Barca tidak mengatakan seberapa banyak Telefonica telah sepakat untuk membayar, namun media lokal melaporkan bahwa angka itu berada di sekitar 140 juta euro, kira-kira tidak banyak berubah dengan apa yang dibayarkan oleh Mediapro, yang memiliki hak siar untuk mayoritas klub Liga Spanyol, pada musim ini.
Kesepakatan ini hanya berlaku untuk semusim, sebelum nantinya klub-klub Spanyol bakal mengadopsi sistem tawar-menawar kolektif bagi hak-hak televise, seperti yang dilakukan sejumlah klub besar Eropa lainnya pada musim 2016-17.
Pemerintah Spanyol berjanji untuk menerapkan hukum wajib tawar-menawar kolektif namun mendapat sejumlah masalah, yang memicu sejumlah klub untuk mengancam akan melancarkan pemogokan sebagai bentuk protes.

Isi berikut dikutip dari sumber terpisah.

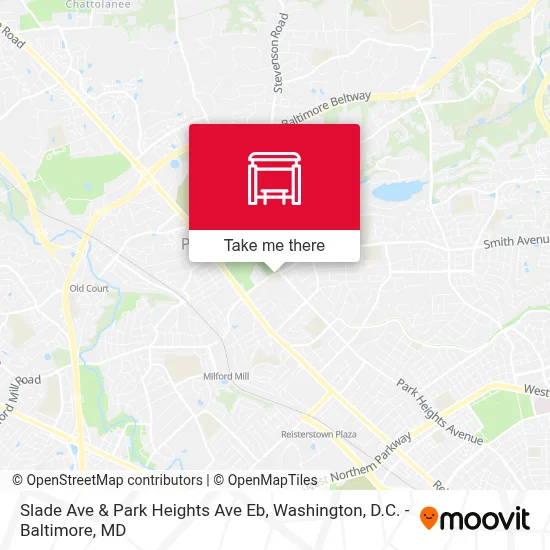 Slade Ave & Park Heights Ave Eb map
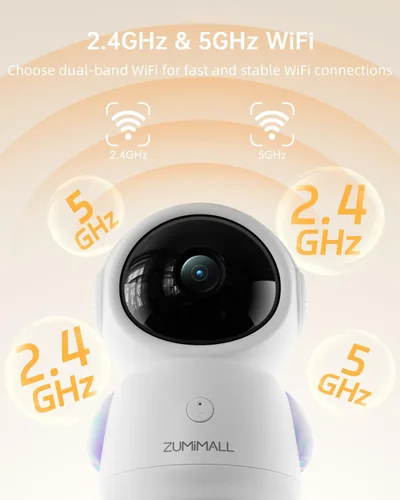 Vista 6 de ZUMIMALL Cámaras 5MP 5G para seguridad en el hogar al aire libre, monitor de bebé WiFi 5G/2.4G con cámara y audio, cámara de seguridad de grabación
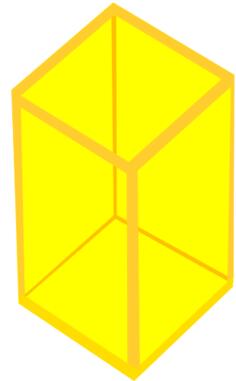 Yellow transparent cube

Banyak klub di Liga Spanyol, termasuk klub-klub seperti Espanyol, Valencia, dan Sevilla, yang berharap kesepakatan kolektif akan membuat mereka mampu mendapatkan lebih banyak dana dari hak siar.
Real Madrid saat ini masih menjadi klub terkaya di dunia dari segi pemasukan, dan Barca, klub terkaya peringkat keempat, keduanya banyak mendapatkan pemasukan dari La Liga TV yakni sekitar 650 juta euro. Hal ini yang membuat mereka dapat membeli siapapun yang mereka inginkan.